By Hannah Cole, Literature Columnist
Last week I wrote about setting a goal this semester of the number of books I want to read, which can benefit us and prompt us to read more; we become better individuals for it. However, the other side of the conversation ' the notion of fully investing in a text ' is of equal importance.
There is a phrase that I have come across recently that has kept me thinking about its implications: Lectio Divina. It's a Latin phrase that holds a piece of church history within it, encouraging a reader to reconsider the way they approach a text.
The idea behind Lectio Divina is rooted in an old monastic tradition where monks would choose a particular book of scripture and steep themselves in it for months on end. They would pour over the text, reading and rereading slowly and deliberately to get the most out of every passage and every word. It is something that at first glance seems strange and foreign ' a practice that should stay inside the bounds of monastic life and come nowhere near our own.
However, I think we need this.
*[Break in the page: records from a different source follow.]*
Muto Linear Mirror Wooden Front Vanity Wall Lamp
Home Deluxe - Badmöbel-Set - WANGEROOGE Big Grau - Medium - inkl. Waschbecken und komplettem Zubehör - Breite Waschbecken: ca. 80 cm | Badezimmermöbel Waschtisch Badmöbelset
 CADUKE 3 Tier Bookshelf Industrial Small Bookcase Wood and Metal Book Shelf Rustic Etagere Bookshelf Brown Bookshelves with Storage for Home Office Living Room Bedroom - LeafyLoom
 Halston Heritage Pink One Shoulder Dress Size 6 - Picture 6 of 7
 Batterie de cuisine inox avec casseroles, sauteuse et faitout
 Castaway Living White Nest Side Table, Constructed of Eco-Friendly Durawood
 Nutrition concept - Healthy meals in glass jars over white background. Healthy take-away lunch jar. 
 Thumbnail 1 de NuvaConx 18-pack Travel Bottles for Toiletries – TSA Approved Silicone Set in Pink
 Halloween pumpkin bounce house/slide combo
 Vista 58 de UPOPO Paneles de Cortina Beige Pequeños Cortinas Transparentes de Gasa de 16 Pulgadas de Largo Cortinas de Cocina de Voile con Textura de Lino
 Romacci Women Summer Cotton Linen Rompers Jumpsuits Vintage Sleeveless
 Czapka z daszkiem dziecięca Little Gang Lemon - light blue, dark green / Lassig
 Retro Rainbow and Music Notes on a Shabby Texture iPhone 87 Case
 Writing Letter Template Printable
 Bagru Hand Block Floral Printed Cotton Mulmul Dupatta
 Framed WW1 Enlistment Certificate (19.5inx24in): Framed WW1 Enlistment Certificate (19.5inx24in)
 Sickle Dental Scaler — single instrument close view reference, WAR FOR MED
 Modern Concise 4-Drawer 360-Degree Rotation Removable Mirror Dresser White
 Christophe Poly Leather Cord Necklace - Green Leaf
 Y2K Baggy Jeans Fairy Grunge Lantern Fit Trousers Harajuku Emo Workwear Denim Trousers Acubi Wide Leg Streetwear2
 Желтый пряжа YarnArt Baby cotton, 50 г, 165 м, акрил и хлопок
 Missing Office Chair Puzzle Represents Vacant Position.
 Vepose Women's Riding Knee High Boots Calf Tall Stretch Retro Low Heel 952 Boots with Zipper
There is an ever-present question we face when we approach the vast world of literature and insurmountable accumulation of texts at our fingertips: What is the benefit of rereading a book when there is so much out there that I haven't even encountered yet?
This is where the idea of Lectio Divina comes in.
Choosing to invest time in a particular novel forces us out of the hectic lives we lead, out of the mindset where we read solely to reach the end, to mark off another book on our list. We are conditioned to never stay in one place too long, never linger over something when we can easily be moving on to something else, something new and better.
There is beauty in repetition, and I think we are afraid of it at times because we don't know what to do with it. We feel that reading or encountering the same words over and over will cause them somehow to lose their meaning and fall by the wayside, empty. This just isn't true.
Lectio Divina introduces the idea of letting words surround you, to enter your thoughts as you read and to reside there. We ought to cherish the things we admire in books, holding on to them as we might hold on to the encouraging words of a friend, and seek to invest ourselves more fully in what we read.